En ce qui concerne l'Union européenne, il a jugé l'interrogation du Président Balladur très importante. Il y a toujours un risque que l'initiative d'un groupe de pays puisse être critiquée comme étant le fruit d'accords trilatéraux ou bilatéraux. Aussi, les six membres fondateurs devraient-ils produire un document de principe rappelant les objectifs politiques de l'Union européenne, ses valeurs, fondées sur les droits de l'homme et les libertés publiques. Il convient de rappeler que ces pays, petits et grands, ont travaillé ensemble, - c'est un fait historique - et qu'ainsi ils peuvent relancer l'Union européenne.

Sur l'utilisation de la zone euro, il a estimé que la contribution des pays de la zone s'apparentait aux coopérations renforcées et avait un avenir sur les dossiers économiques et financiers. L'élan des six pays membres fondateurs est utile aujourd'hui pour l'élaboration de la Constitution européenne. Celui-ci pourrait pallier au ralentissement de la Convention puisque près de 1 000 amendements ont déjà été déposés sur les six premiers articles ce qui est inquiétant.
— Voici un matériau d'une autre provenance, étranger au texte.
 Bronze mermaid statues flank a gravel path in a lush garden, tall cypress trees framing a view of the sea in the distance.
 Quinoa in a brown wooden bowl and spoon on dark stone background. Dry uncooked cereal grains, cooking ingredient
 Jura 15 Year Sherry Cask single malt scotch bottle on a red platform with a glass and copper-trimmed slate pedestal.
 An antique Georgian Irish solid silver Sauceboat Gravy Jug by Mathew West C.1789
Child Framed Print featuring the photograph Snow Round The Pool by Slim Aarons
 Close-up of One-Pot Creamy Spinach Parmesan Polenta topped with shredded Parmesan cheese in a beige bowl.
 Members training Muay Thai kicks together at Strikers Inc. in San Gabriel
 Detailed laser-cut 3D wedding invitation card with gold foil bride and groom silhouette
Quant à l'élargissement et à l'exigence d'un développement géographique équilibré de l'Union européenne, M. Franco Frattini a reconnu que cela expose l'Union européenne à une projection nordique et baltique. Les présidences grecque et italienne s'efforceront de renforcer les liens entre l'Union européenne en faveur des pays du Sud de la Méditerranée et des Balkans fort importants pour la stabilisation de la région.

Il a insisté sur l'importance qu'accorde l'Italie à la consolidation de la démocratie dans les Balkans - car de cette stabilisation des Balkans dépend le rééquilibrage de l'Union européenne - et à la relance du processus de Barcelone qui a été ces derniers temps assez délaissé. Il convient de faire participer davantage les pays du rivage sud de la Méditerranée en accroissant leur compétitivité. Selon lui les processus de Barcelone et de Lisbonne sont complémentaires et devront être utilisés.